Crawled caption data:

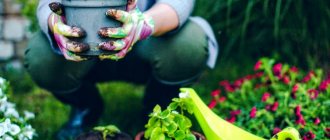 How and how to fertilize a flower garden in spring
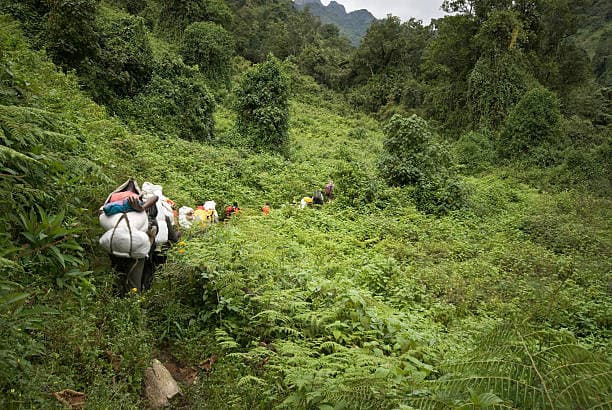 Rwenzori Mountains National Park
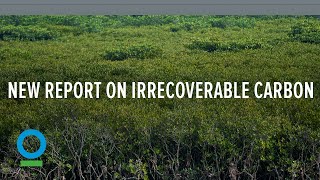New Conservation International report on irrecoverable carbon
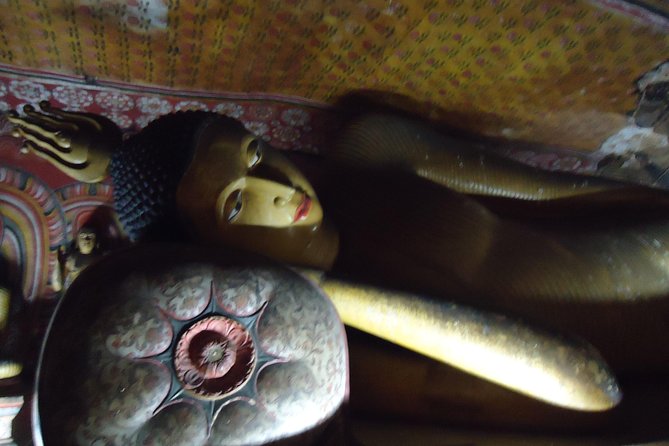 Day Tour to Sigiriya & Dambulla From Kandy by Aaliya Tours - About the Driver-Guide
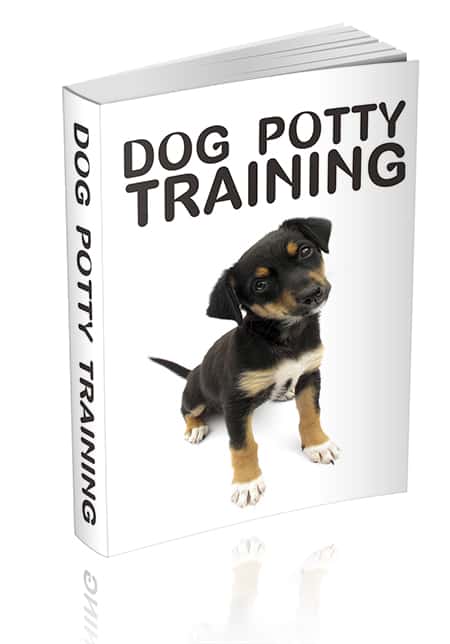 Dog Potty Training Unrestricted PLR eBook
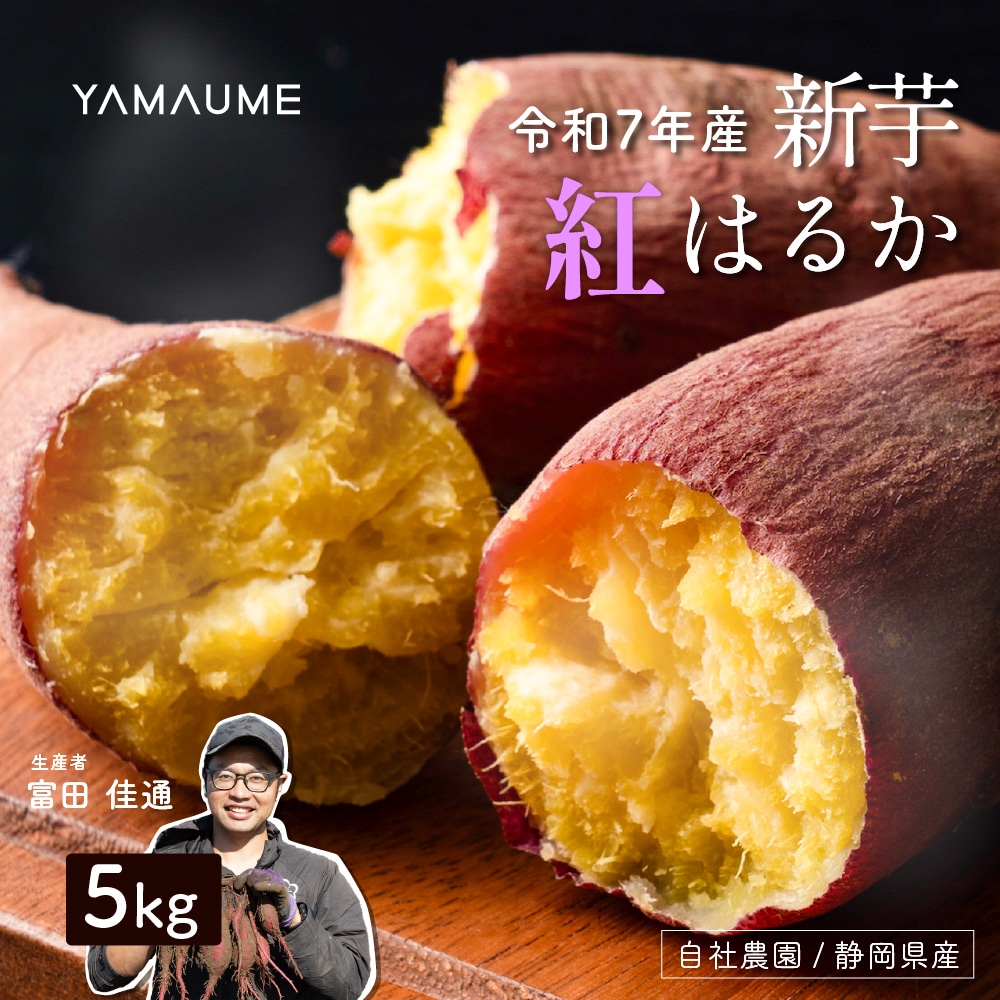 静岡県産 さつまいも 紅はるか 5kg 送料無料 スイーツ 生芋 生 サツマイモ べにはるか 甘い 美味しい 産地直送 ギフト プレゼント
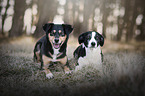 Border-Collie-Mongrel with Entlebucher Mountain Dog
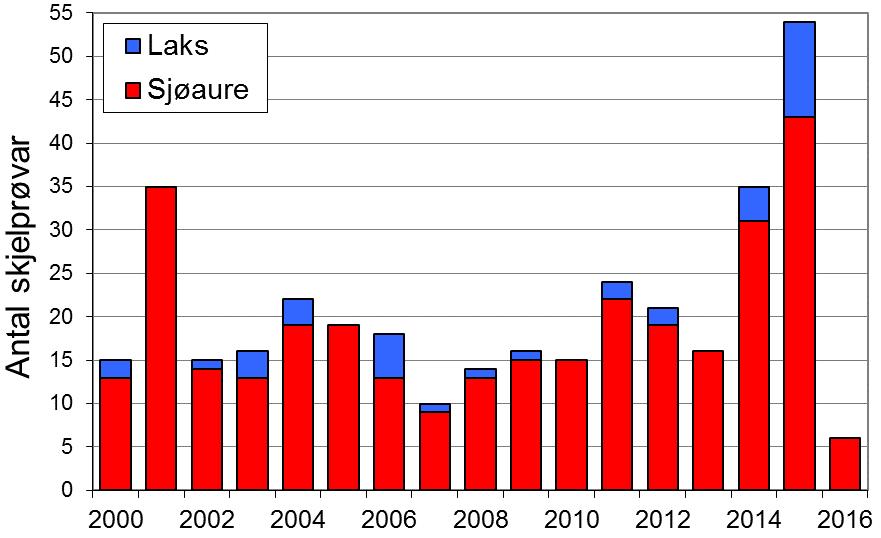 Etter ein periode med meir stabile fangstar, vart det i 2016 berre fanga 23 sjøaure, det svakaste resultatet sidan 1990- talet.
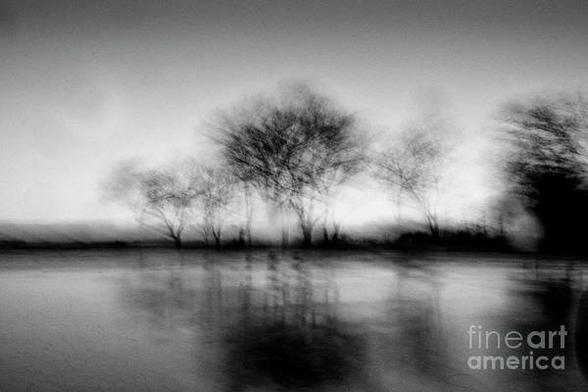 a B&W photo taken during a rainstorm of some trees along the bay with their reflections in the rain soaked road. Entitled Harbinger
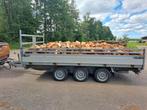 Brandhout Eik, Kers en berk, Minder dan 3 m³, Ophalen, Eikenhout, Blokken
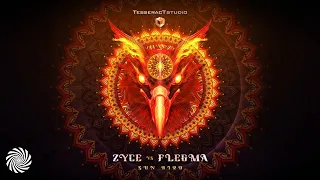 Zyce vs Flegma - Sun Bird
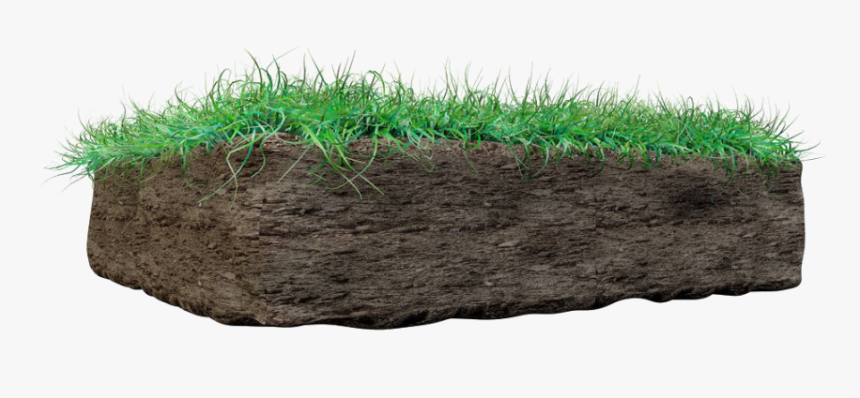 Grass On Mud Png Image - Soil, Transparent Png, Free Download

(Work task)
Keep the pictures out of your answer, which should be the lines from the one with "Rwenzori Mountains National Park" through the final line of the data, copied exactly.

(Result)
 Rwenzori Mountains National Park
New Conservation International report on irrecoverable carbon
 Day Tour to Sigiriya & Dambulla From Kandy by Aaliya Tours - About the Driver-Guide
 Dog Potty Training Unrestricted PLR eBook
 静岡県産 さつまいも 紅はるか 5kg 送料無料 スイーツ 生芋 生 サツマイモ べにはるか 甘い 美味しい 産地直送 ギフト プレゼント
 Border-Collie-Mongrel with Entlebucher Mountain Dog
 Etter ein periode med meir stabile fangstar, vart det i 2016 berre fanga 23 sjøaure, det svakaste resultatet sidan 1990- talet.
 a B&W photo taken during a rainstorm of some trees along the bay with their reflections in the rain soaked road. Entitled Harbinger
 Brandhout Eik, Kers en berk, Minder dan 3 m³, Ophalen, Eikenhout, Blokken
 Zyce vs Flegma - Sun Bird
 Grass On Mud Png Image - Soil, Transparent Png, Free Download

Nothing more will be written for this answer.